Afin de ne pas déstabiliser la société, cette action ne visera ni Atos, ni ses dirigeants ou ex-dirigeants, mais uniquement ses auditeurs (commissaires aux comptes) en particulier DELOITTE supposé être le n°1 mondial de l’audit, mais que l’UPRA soupçonne avoir été très complaisante vis-à-vis d’Atos avec les règles comptables en vigueur, et leur reproche d’avoir fait manquer une chance aux actionnaires de ne pas acheter l’action quand elle était surcotée vis-à-vis de sa réelle valeur et d’avoir fait manquer une chance d’avoir vendu, quand la société s’effondrait et que la comptabilité ne reflétait pas cet effondrement, en particulier une absence totale de dépréciation d’actifs en 2022.

Je rappelle qu’à la publication d’un jugement qui dirait le contraire, Deloitte est supposé avoir certifié les comptes d’Atos de manière totalement sincère, et l’avis exprimé ci-dessous est l’avis de l’UPRA uniquement et reste à l’état de soupçons tant que nos preuves n’auront été validées par un juge.

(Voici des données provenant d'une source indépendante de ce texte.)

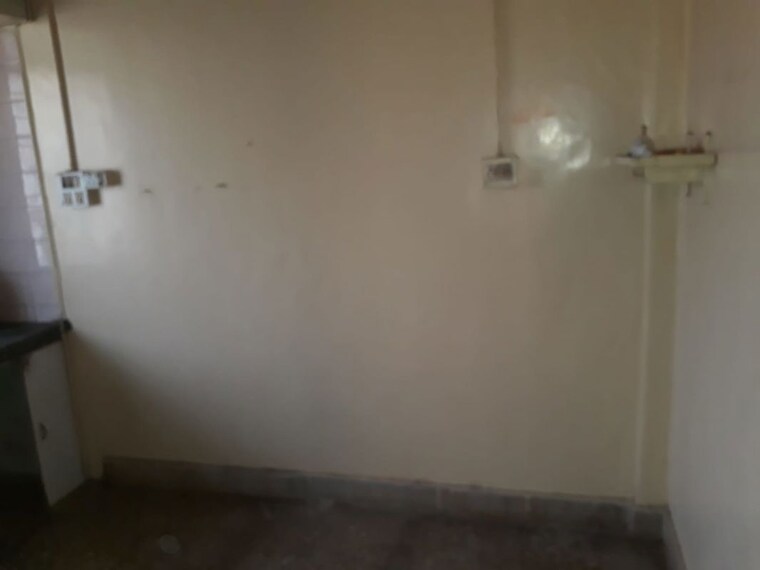 Room, giriraj-apartments-bavdhan 1 Bedroom 528 Sq.Ft. Apartment In Bavdhan Pune 10312570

Pour des raisons de coûts de procédure, elle est réservée aux personnes ayant subi des pertes supérieures à 10 000€, sinon les coûts judiciaires, avocats, expertises, etc… en millions d’euros seraient supérieurs à la perte et ne seraient pas rentables pour le fonds qui financera ce recours. Soyez assuré qu’il ne s’agit pas de snobisme, mais réellement de contraintes financières.